* The task
From the listing below, restate word for word the lines from the line containing "Apartament cu 3" down through the line containing "Audi Q6 e-tron". Exclude pictures.

[[ Data provided open ]]

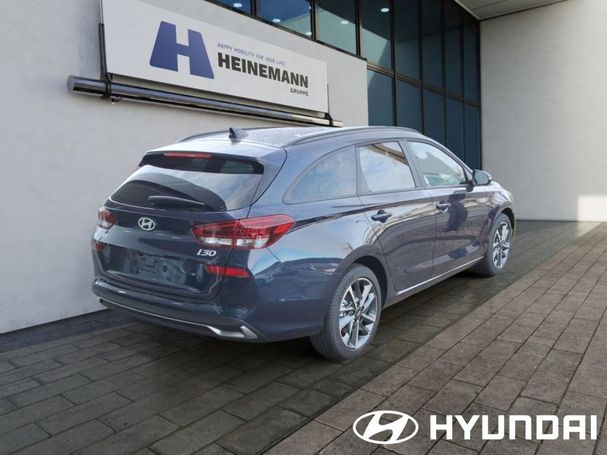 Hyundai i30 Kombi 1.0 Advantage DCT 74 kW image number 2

[[ Data provided closed ]]
[[ Data provided open ]]

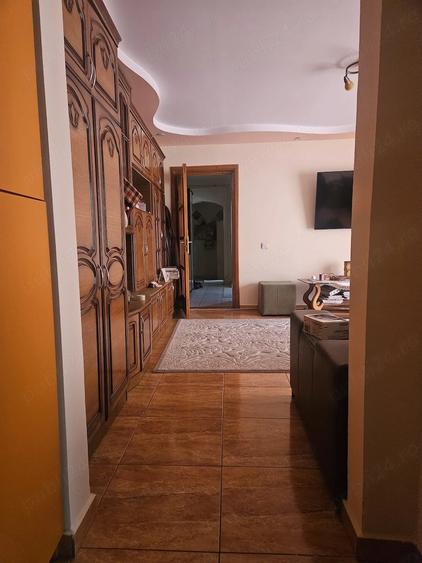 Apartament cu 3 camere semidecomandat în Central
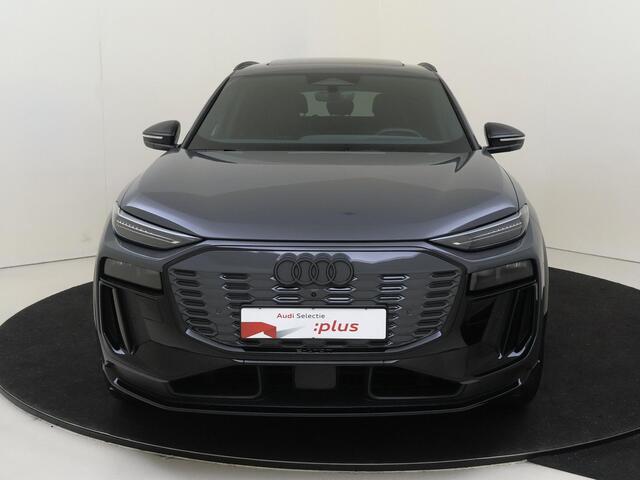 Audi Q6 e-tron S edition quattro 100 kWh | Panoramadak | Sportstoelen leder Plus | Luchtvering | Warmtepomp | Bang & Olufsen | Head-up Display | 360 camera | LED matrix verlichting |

[[ Data provided closed ]]

* Task solution
 Apartament cu 3 camere semidecomandat în Central
 Audi Q6 e-tron S edition quattro 100 kWh | Panoramadak | Sportstoelen leder Plus | Luchtvering | Warmtepomp | Bang & Olufsen | Head-up Display | 360 camera | LED matrix verlichting |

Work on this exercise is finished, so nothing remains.